The Research Of Characterization And Properties Of GaN Based Thermoelectric Materials

Thermoelectric material is a very widely used semiconductor functional materials, it can achieve mutual conversion between heat and electricity. GaN-based thermoelectric material having a larger band gap and good thermal stability and high electrical conductivity and Seebeck(Seebeek) coefficient, so these materials has become a very promising thermoelectric materials.In this paper, GaN-based thermoelectric materials for the study, to build a semiconductor material at room temperature measured Seebeck coefficient and electrical conductivity of the device. In addition, the equipment to achieve automatic control, using the control program is based on Labview software platform for measurement and control, using a graphical editor G programming language. This device is used to measure the semiconductor thin film material Seebeck coefficient and electrical conductivity, Seebeck coefficient and electrical resistivity are important thermoelectric materials transport performance parameters.

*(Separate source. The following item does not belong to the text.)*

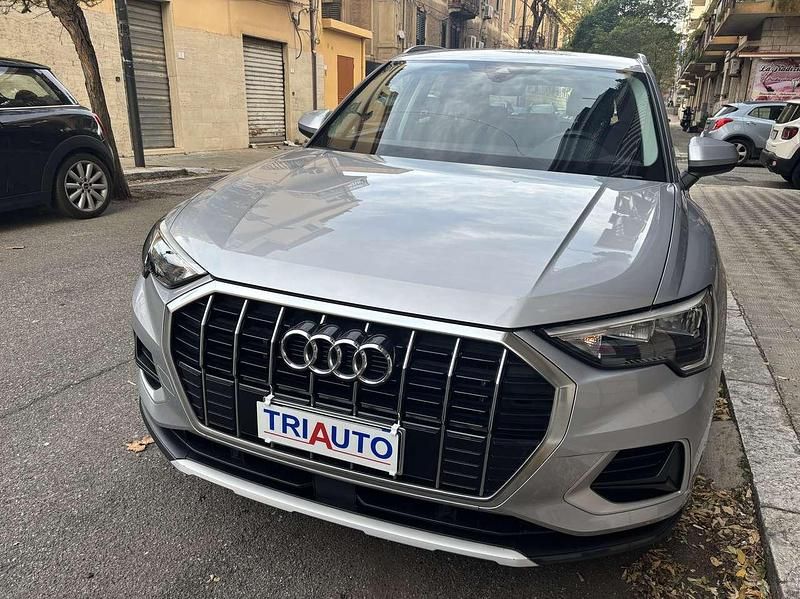 Argento Usata 2020 Audi Q3 Advanced SUV | 28.500 € (Super prezzo) - Immagine 1/4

Accurate determination of their transport mechanism for in-depth study of thermoelectric semiconductor materials, especially those with a very important application value and theoretical significance for further research and development of new semiconductor thermoelectric materials and devices.Thermoelectric properties of GaN materials at room temperature were studied. The results showed that with the increase of the carrier concentration decreases mobility, conductivity increases, the Seebeck coefficient decreases, the range between 100-500μV/ K. The carrier concentration of 1.60×1018cm-3, the thermoelectric power factor GaN thin film material have a maximum value of 4.72×10-4W/mK2, ZT GaN film temperature reaches a maximum value of 0.0025. In addition, the large pieces of material and thermoelectric properties of GaN thin film GaN materials were compared, the results show that the films GaN materials have higher dislocation scattering, the Seebeck coefficient than the large chunks of GaN materials. Since the Seebeck coefficient of bulk GaN material is relatively low, so its power factor in the range of between 0.315×10-4 W/mK2 to 0.354×10-4 W/mK2.A brief introduction about production methods and the prospects for its GaN devices for further study.